HAPPENINGText: Chris Lee

2003年にオープンした、サムスン美術館の杮落としとなる展覧会「マインド・スペース」は、現代美術で長い間見過ごされてきた精神性の問題に取り組んでいる。伝統的に宗教的感情の避難所または信念の世俗的な現れである芸術は、20世紀にその本来の機能を失った。芸術の重要性と概念性に固執するモダニズムと、文化的、政治的文脈化を求めるポストモダニズムを経て、現代美術は主に現実の客観的な鏡として機能してきた。

ヴォルフガング・ライプ
Wolfgang Laib, Somewhere Else-La Chambre des certitudes

本展でフォーカスされているのが「マインド(心、気持ち、意思の意)」。精神と体の中間点としての「マインド」を、合理的かつ主情主義的に表現している。「マインド」は、体の内側で体感するもの。

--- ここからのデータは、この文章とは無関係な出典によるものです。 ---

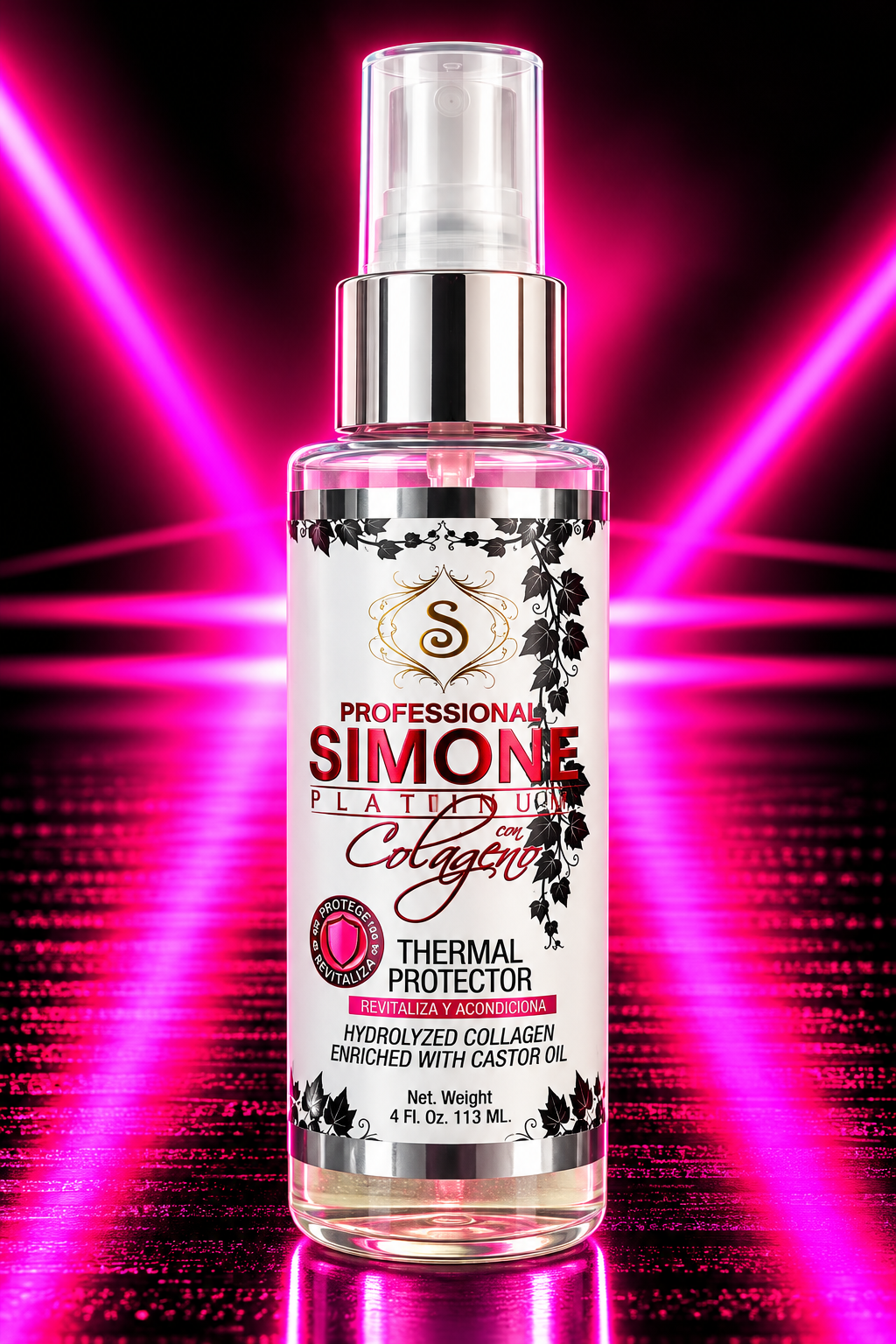 SIMONE COLLAGEN THERMAL SPRAY 4oz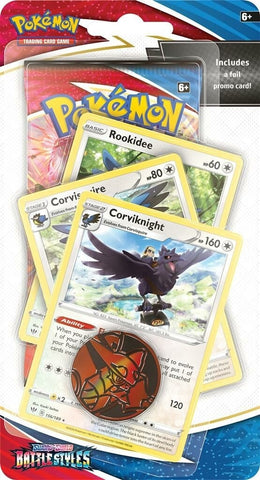 Image for Battle Styles Premium Checklane Blister [Corviknight] - Pokemon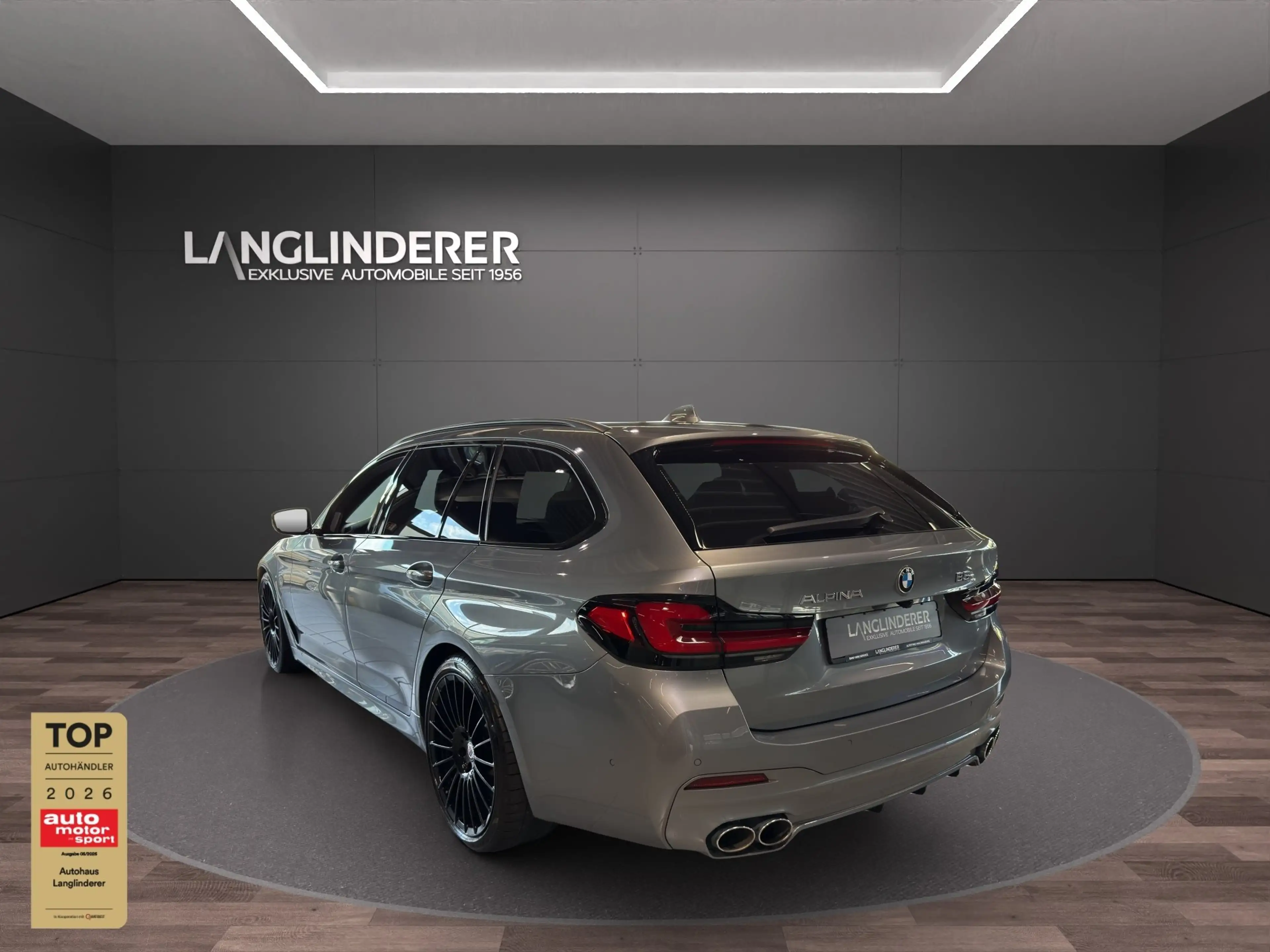 Alpina B5 Touring SWITCH-TRONIC Allrad B&W Surround — photo 6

その時に直面している問題と精神の中心的存在であり、体と魂の両方に影響を与えるものだ。また、私達が常に気にかけていたり、洗練できたりするものでもある。しかしそういった「マインド」を覚醒するということには、更にもうひとつ、文化的な役割があるのをご存じだろうか。それは、現代美術は決してそういった「マインド」を犠牲にしてはいけないということだ。外界につながる導線のように、人それぞれのセンスが錯乱しているような現代では、その役割の重要性は高い。心の中で方向付けられている考え方を通すということは、結束やバランスというセンスを獲得するためには、絶対的に必要なのである。

リー・ミンウェイ
Lee Mingwei, The Letter Writing Project (Kneeling Booth)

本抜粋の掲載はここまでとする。